• About this exercise: Each entry that follows is to be copied exactly, minus any pictures.

───── Data provided ─────

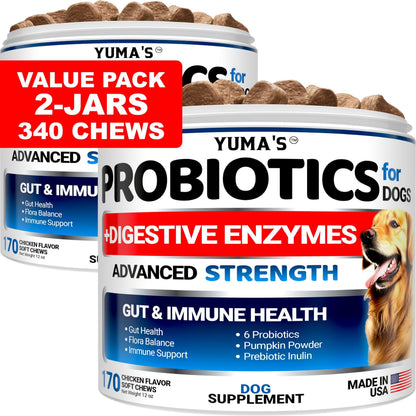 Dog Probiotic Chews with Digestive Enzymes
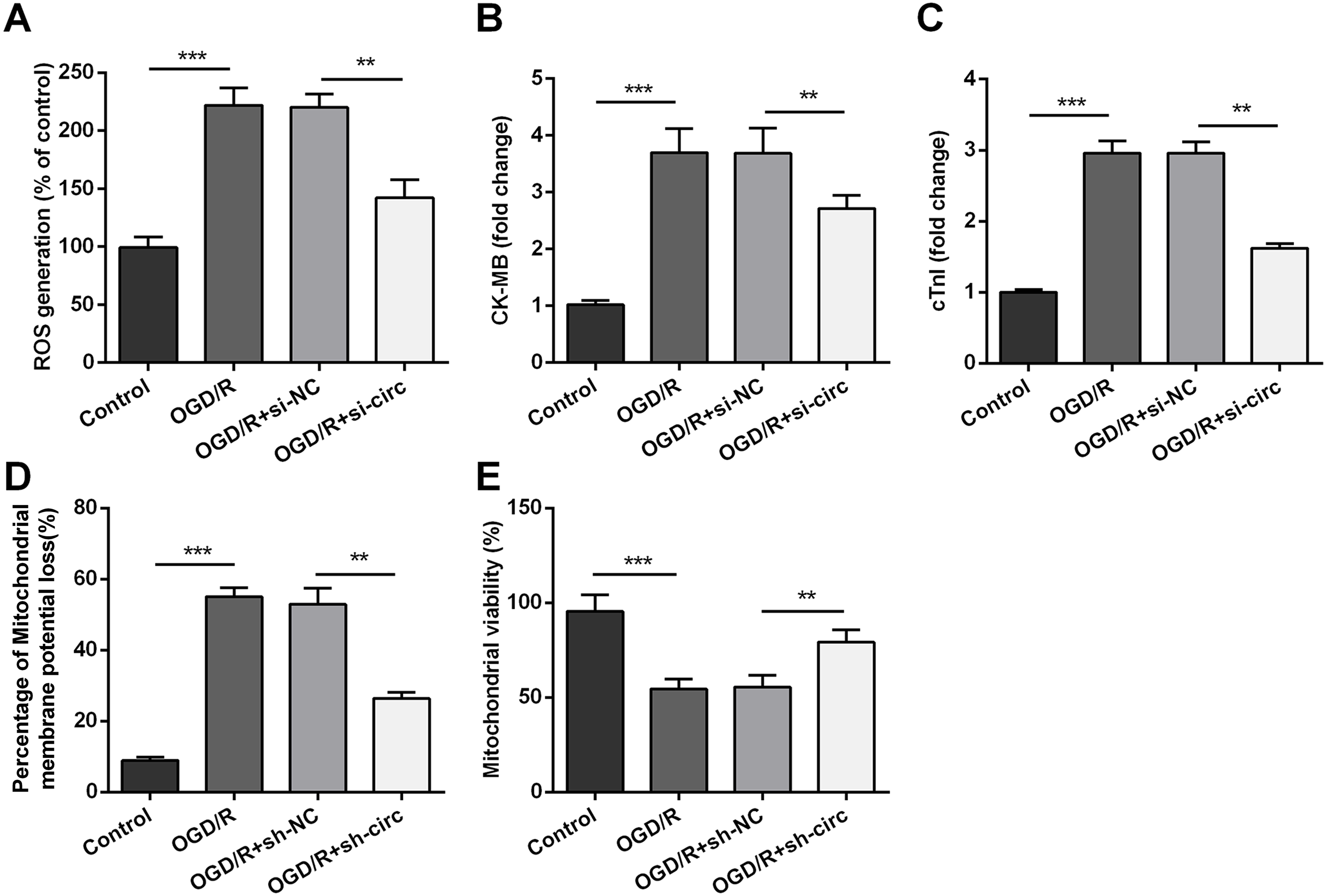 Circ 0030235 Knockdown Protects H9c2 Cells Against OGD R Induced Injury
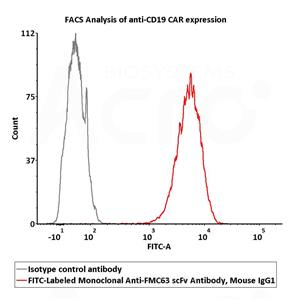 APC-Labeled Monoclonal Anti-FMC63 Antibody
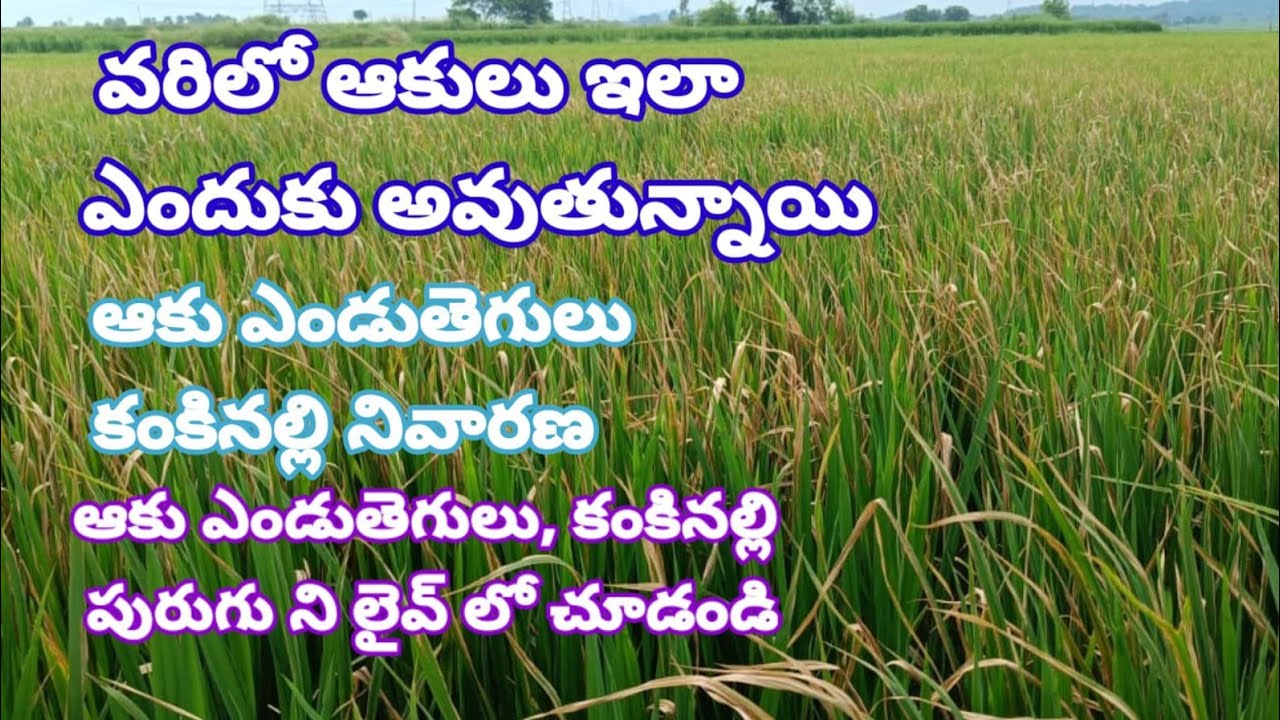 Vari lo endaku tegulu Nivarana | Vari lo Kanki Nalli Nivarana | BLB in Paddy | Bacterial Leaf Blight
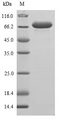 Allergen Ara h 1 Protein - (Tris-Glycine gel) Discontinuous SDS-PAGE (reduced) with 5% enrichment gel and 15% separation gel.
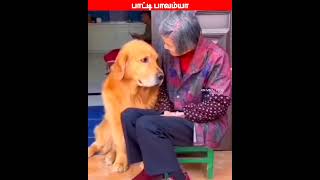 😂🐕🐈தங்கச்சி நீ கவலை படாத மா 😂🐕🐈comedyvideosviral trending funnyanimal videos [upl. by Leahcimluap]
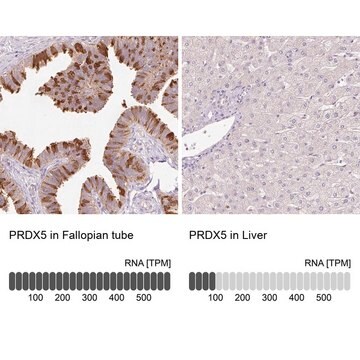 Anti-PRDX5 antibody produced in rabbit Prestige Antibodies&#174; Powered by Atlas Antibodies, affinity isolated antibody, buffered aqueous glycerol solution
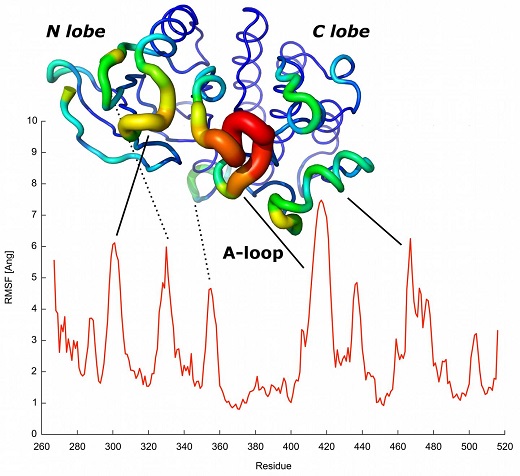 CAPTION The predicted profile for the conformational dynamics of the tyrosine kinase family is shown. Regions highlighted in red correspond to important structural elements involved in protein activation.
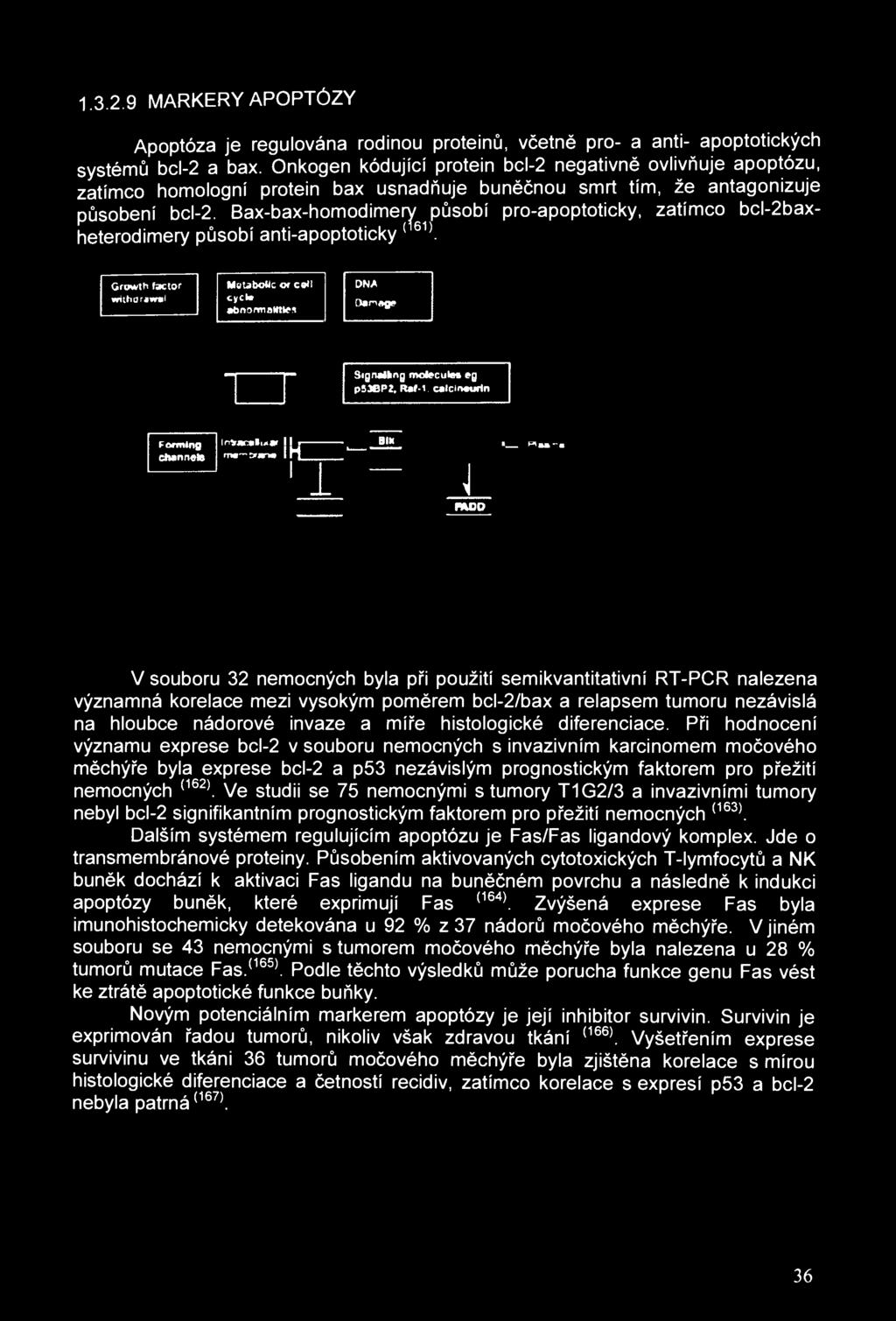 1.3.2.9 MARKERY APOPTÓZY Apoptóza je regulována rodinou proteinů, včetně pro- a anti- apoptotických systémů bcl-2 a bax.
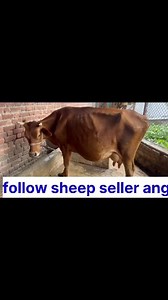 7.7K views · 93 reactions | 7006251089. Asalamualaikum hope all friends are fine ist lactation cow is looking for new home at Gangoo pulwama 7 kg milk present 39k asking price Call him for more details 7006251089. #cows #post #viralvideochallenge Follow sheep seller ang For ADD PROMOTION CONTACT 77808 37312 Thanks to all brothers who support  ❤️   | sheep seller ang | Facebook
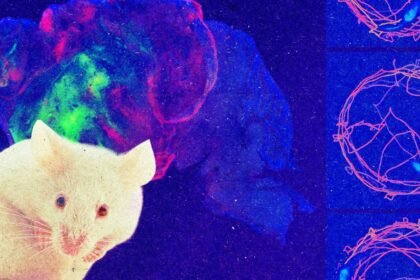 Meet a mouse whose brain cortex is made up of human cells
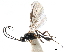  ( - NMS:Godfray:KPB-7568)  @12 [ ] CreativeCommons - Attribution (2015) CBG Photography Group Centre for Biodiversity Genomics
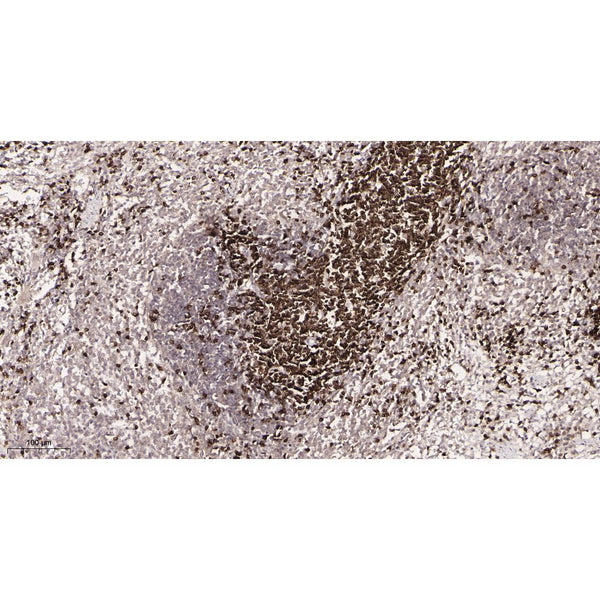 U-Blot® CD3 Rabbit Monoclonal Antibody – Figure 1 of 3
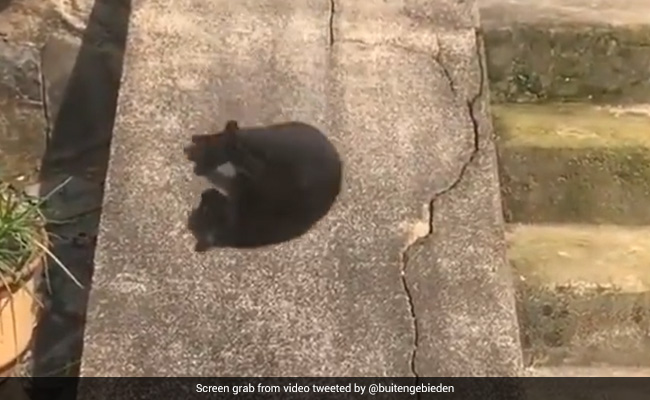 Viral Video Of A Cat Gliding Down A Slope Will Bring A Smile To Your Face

─────

• Reply to the task:
 Dog Probiotic Chews with Digestive Enzymes
 Circ 0030235 Knockdown Protects H9c2 Cells Against OGD R Induced Injury
 APC-Labeled Monoclonal Anti-FMC63 Antibody
 Vari lo endaku tegulu Nivarana | Vari lo Kanki Nalli Nivarana | BLB in Paddy | Bacterial Leaf Blight
 Allergen Ara h 1 Protein - (Tris-Glycine gel) Discontinuous SDS-PAGE (reduced) with 5% enrichment gel and 15% separation gel.
 😂🐕🐈தங்கச்சி நீ கவலை படாத மா 😂🐕🐈comedyvideosviral trending funnyanimal videos [upl. by Leahcimluap]
 Anti-PRDX5 antibody produced in rabbit Prestige Antibodies&#174; Powered by Atlas Antibodies, affinity isolated antibody, buffered aqueous glycerol solution
 CAPTION The predicted profile for the conformational dynamics of the tyrosine kinase family is shown. Regions highlighted in red correspond to important structural elements involved in protein activation.
 1.3.2.9 MARKERY APOPTÓZY Apoptóza je regulována rodinou proteinů, včetně pro- a anti- apoptotických systémů bcl-2 a bax.
 7.7K views · 93 reactions | 7006251089. Asalamualaikum hope all friends are fine ist lactation cow is looking for new home at Gangoo pulwama 7 kg milk present 39k asking price Call him for more details 7006251089. #cows #post #viralvideochallenge Follow sheep seller ang For ADD PROMOTION CONTACT 77808 37312 Thanks to all brothers who support  ❤️   | sheep seller ang | Facebook
 Meet a mouse whose brain cortex is made up of human cells
  ( - NMS:Godfray:KPB-7568)  @12 [ ] CreativeCommons - Attribution (2015) CBG Photography Group Centre for Biodiversity Genomics
 U-Blot® CD3 Rabbit Monoclonal Antibody – Figure 1 of 3
 Viral Video Of A Cat Gliding Down A Slope Will Bring A Smile To Your Face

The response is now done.